# 2TB Toshiba $49.99 MQ03ABB200 BOLT



## Antrom (Apr 6, 2017)

Recently my old Seagate 4TB just died and was replaced with Toshiba 2TB.

I bet this drive won't last 3 years = 3 year manufacture warranty

Real good price at $50

goHardDrive.com - Toshiba MQ03ABB200 2TB 5400RPM 16MB Cache (15mm) SATA 6.0Gb/s 2.5'' Mobile Hard Drive - 3 Year Warranty


----------



## tommage1 (Nov 6, 2008)

Antrom said:


> Recently my old Seagate 4TB just died and was replaced with Toshiba 2TB.
> 
> I bet this drive won't last 3 years = 3 year manufacture warranty
> 
> ...


That is a TREMENDOUS deal for those that want to stick with a 2.5" for a Bolt. I have purchased from goharddrive in the past (usually 3.5" drives), have not had any problems. Only thing I would amend is I THINK the 3 year warranty is through GHD. Though the drive itself has a 3 year manufacturer warranty manufacturer warranties usually start on manufacture date of the drive, not the date it is purchased. Not sure if this model is even manufactured anymore so the actual manufacturing date (and therefore the start of the 3 year MANUFACTURER warranty) could be awhile ago. However I do think GHD will provide the 3 years. Difference is GHD might not be able to replace with the same model drive if it does fail as it may no longer be in stock.


----------



## Doc Holiday (Dec 31, 2016)

As of 12/3/2020 this drive is still available for $49.99 on goHardDrive.com. This Toshiba MQ03ABB200 worked well for me for almost 4 years to the day. This morning I found all four lights on the Tivo blinking. Upon reboot the drive had a nasty grind-clunk, grind-clunk, grind-cluck noise it made for about a minute before stopping all together. I checked the drive in Linux and it was recognized, but the partitions could not be found. Popped a new drive of the same model in the Tivo and it's back up and running.


----------



## MrDell (Jul 8, 2012)

Doc Holiday said:


> As of 12/3/2020 this drive is still available for $49.99 on goHardDrive.com. This Toshiba MQ03ABB200 worked well for me for almost 4 years to the day. This morning I found all four lights on the Tivo blinking. Upon reboot the drive had a nasty grind-clunk, grind-clunk, grind-cluck noise it made for about a minute before stopping all together. I checked the drive in Linux and it was recognized, but the partitions could not be found. Popped a new drive of the same model in the Tivo and it's back up and running.
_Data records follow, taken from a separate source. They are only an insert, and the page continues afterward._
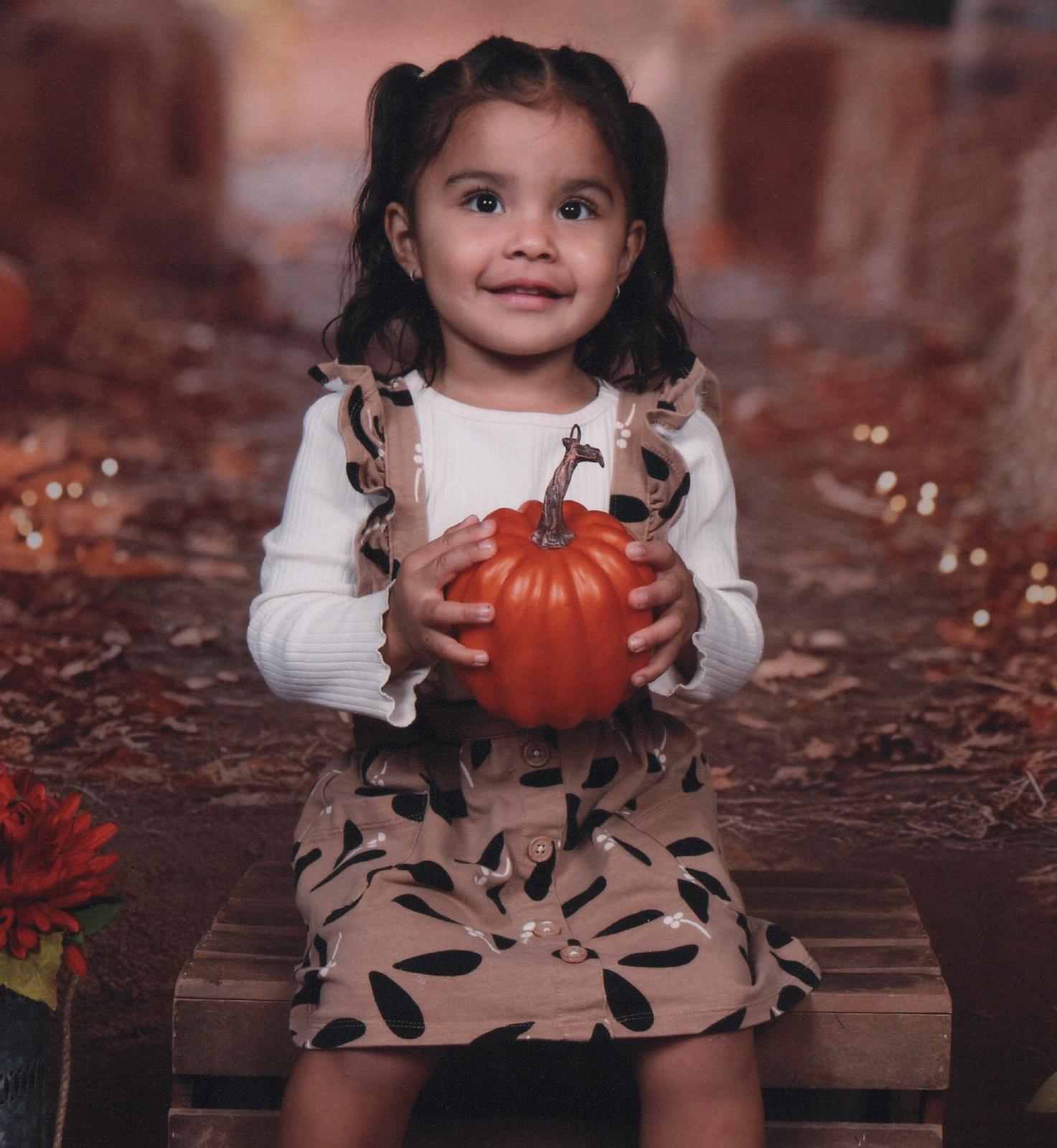 lopezj927+tps3@gmail.com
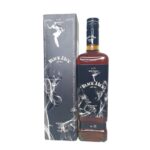 BLACK JACK FOR ALL WHISKY 70cl
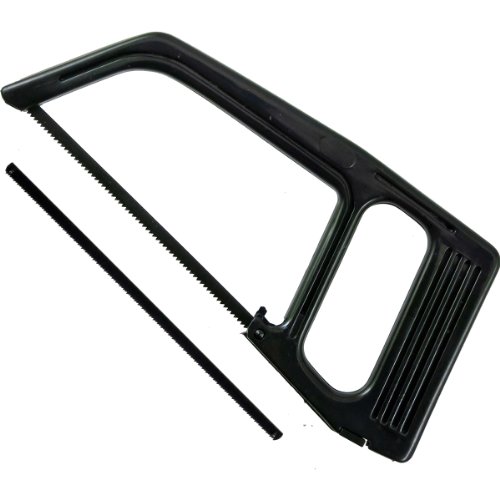 SUN UP ファミリーソー鋸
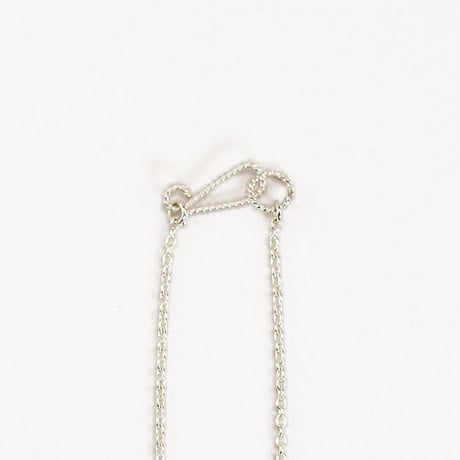 necklace/S20-S0-0340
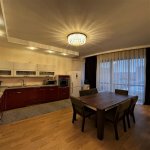 Аренда 3 комнат Новостройка, м. 28 Мая метро, Площадь Азадлыг, Насими район 10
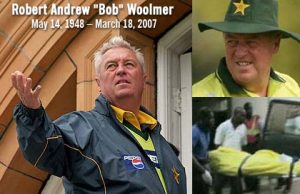 TopWorstSportsTragedies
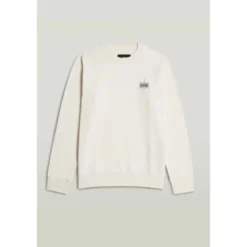 Sweatshirts G-Star Raw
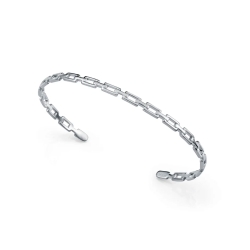Pulsera Viceroy rígida 9161P000-30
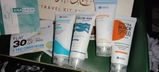 Sadia Sikandar S. review photo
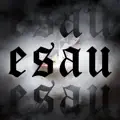 ESAU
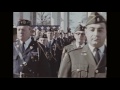 A Special Day Veterans Day 1963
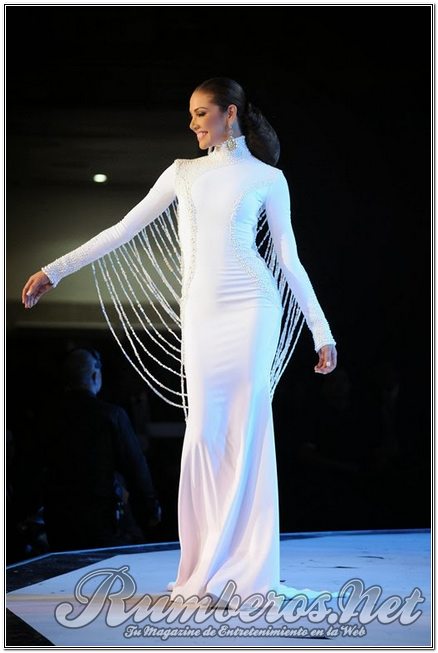 rumberos imagenen de galeria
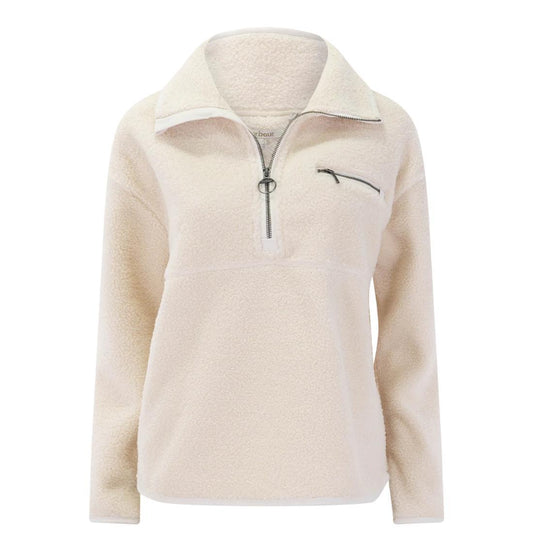Womens Mersea Overlayer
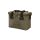 Trakker Downpour T1 Carryall M (30L) - Green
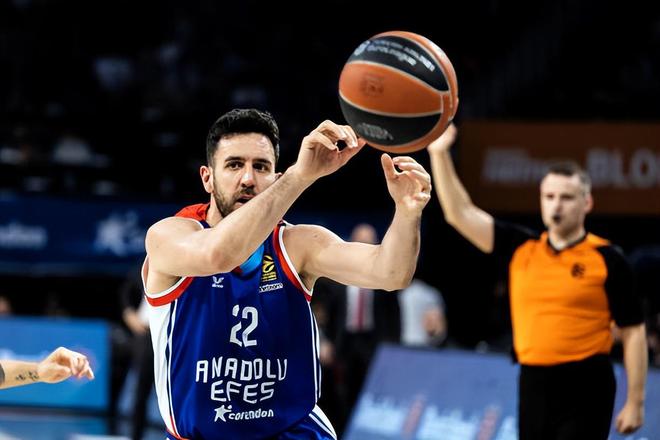 女子职业篮球联盟WNBA延长劳资协议（WNBA续签劳资协议）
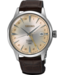 Presage SSK041J1 40,5 mm champagnerfarben Herrenuhr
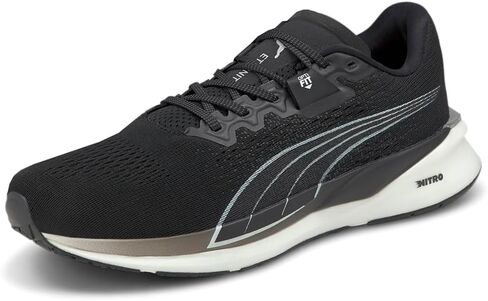 PUMA Eternity Nitro in Saudi Arabia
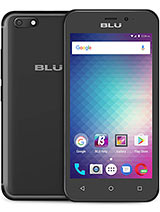 BLU Grand Mini device image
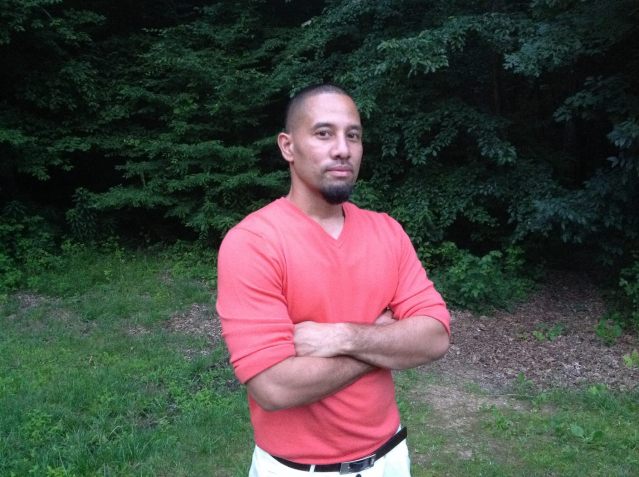 2019 Shaman of the Year: Akachi Lamb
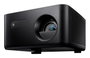 Optoma Photon Life PH31 Full HD 1500 Lúmenes Negro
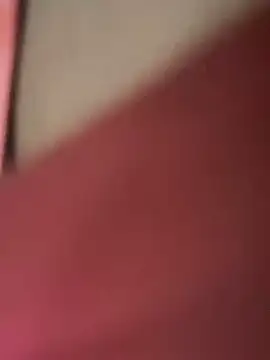 Kaiadebayo online show from January 2025 11:13:02 PM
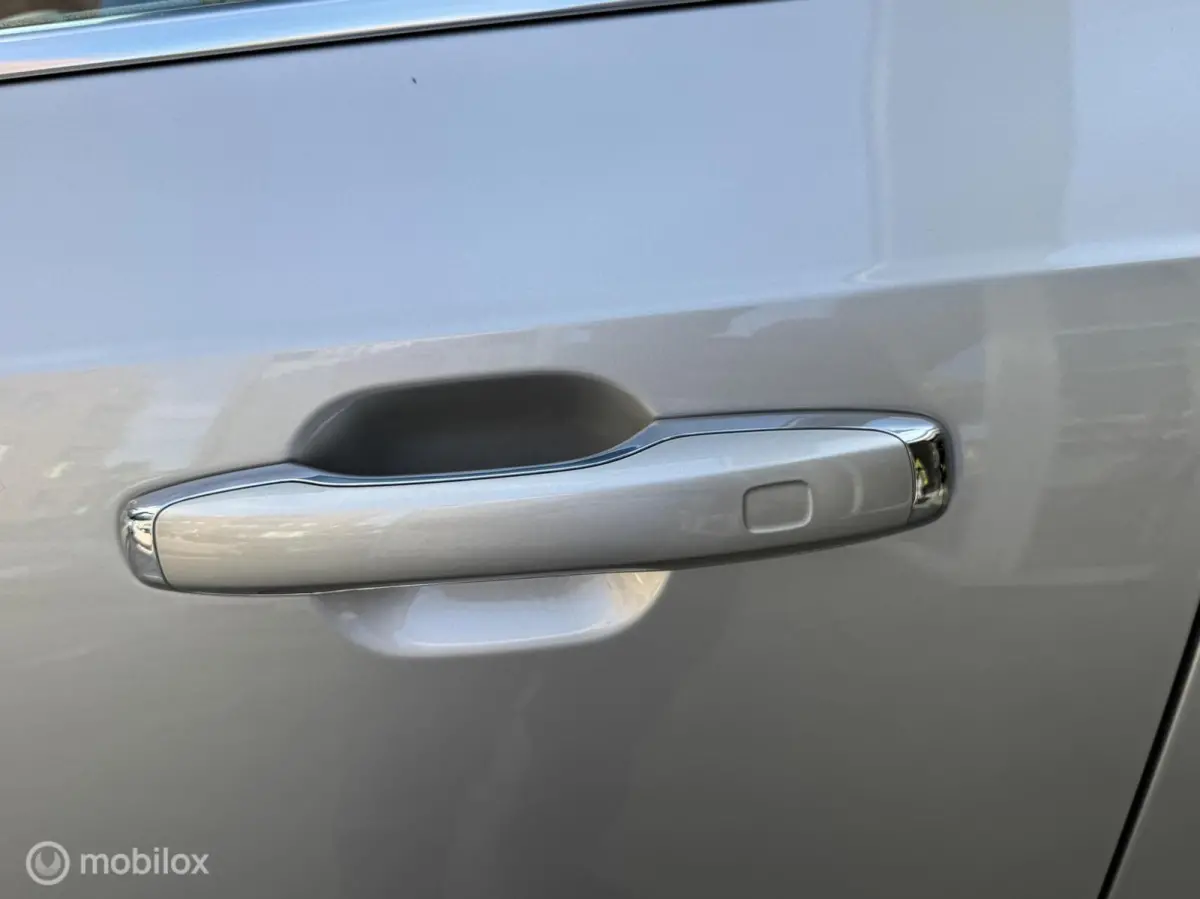 2.0 D5 AWD Inscription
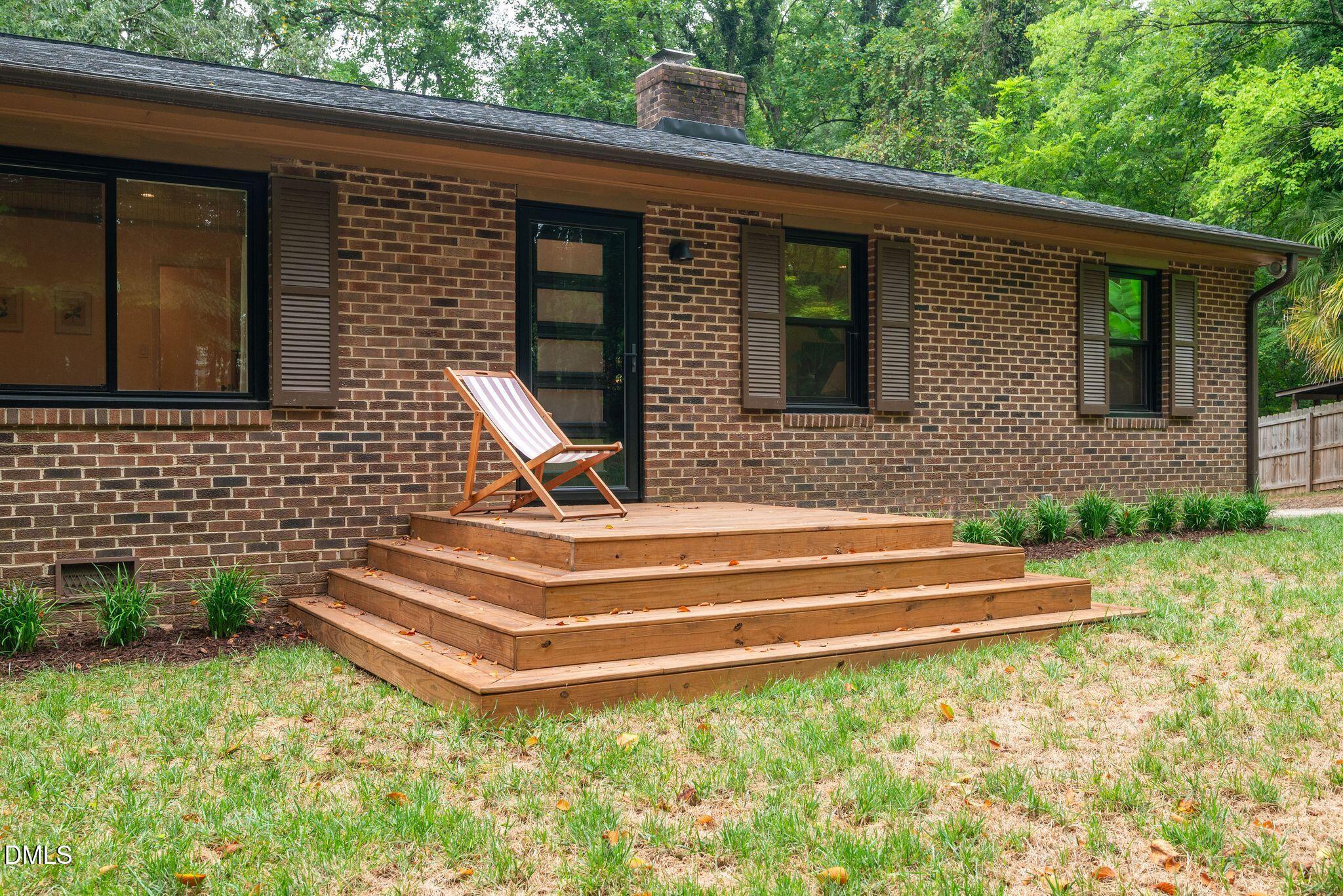 3213 Purland Drive Property Photo 4
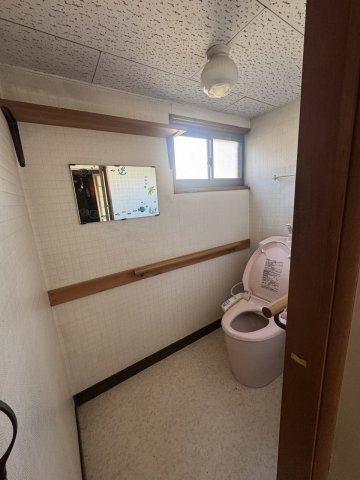 中央北１丁目戸建中古のその他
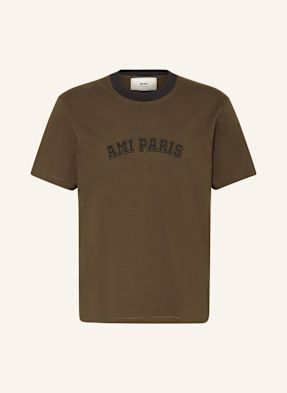 AMI PARIS T-shirt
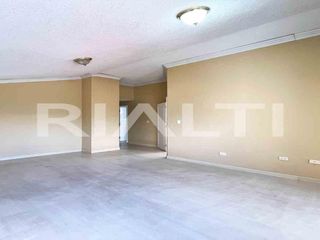 Foto 12 de Departamento Dúplex en Venta Ponceano, conjunto Balcón del Norte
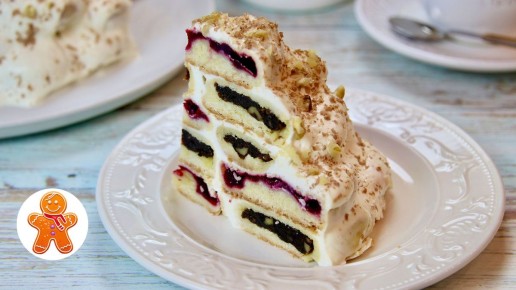 ��������������� ���� "������": ������� ��� ��������� ��������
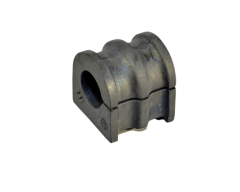 Bøsning Stabilizatora Original Master 3 Movano NV400 546137823R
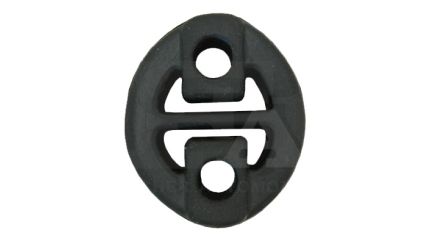 Ophangrubber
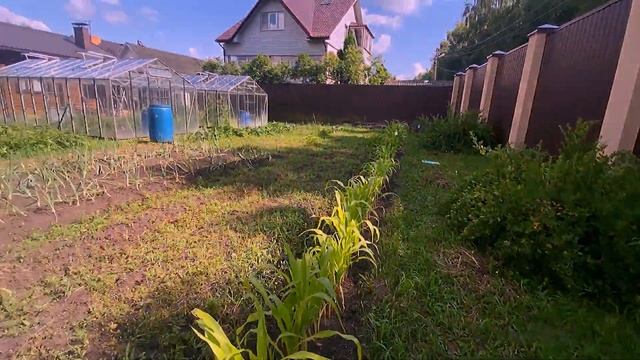 Продам замечательный, уютный двухэтажный коттедж на закрытой территории в д. Мешково, Новая Москва. смотреть онлайн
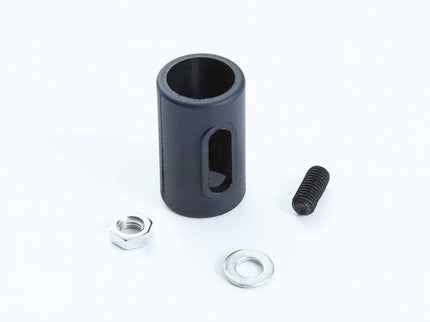 Stop Collar for Drill & Countersink Bit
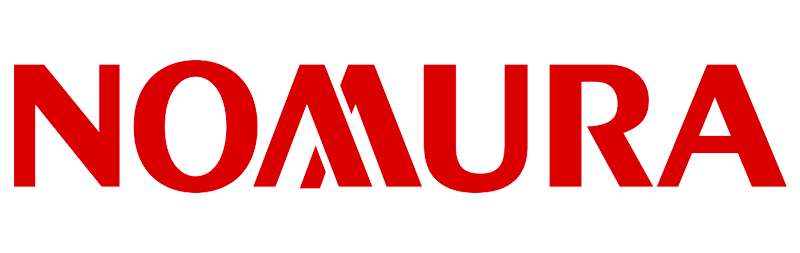 titulo4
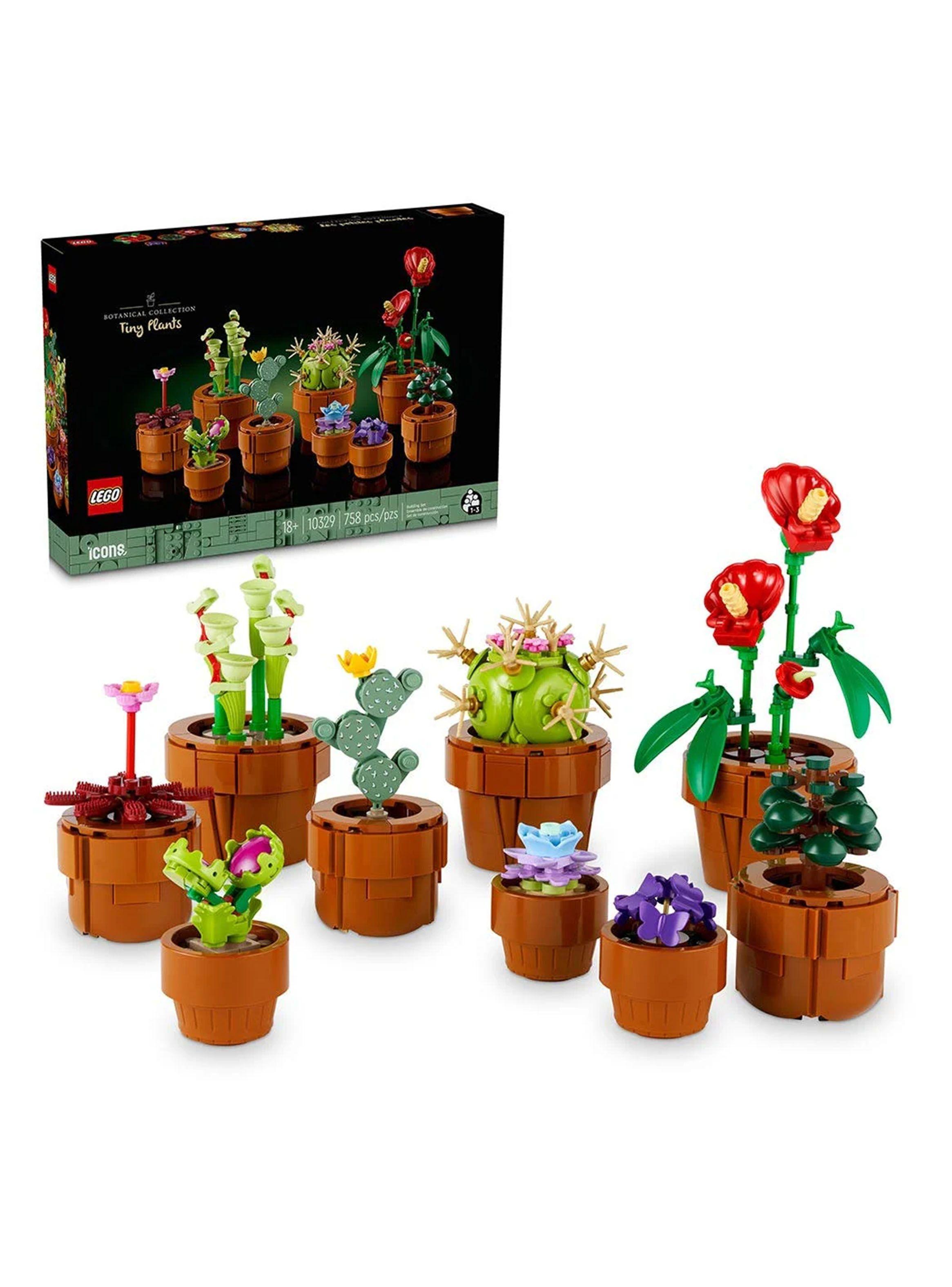 Lego Plantas Diminutas-2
Notice these Toshibas on Amazon also .... are you running TE4 on your tivo... read a few reports of boot up issues with TE4 with certain drives


----------



## Doc Holiday (Dec 31, 2016)

I am still on TE3. Haven't found TE4 compelling enough to make the transition yet.


----------



## MrDell (Jul 8, 2012)

Doc Holiday said:


> I am still on TE3. Haven't found TE4 compelling enough to make the transition yet.


Thanks for the information!


----------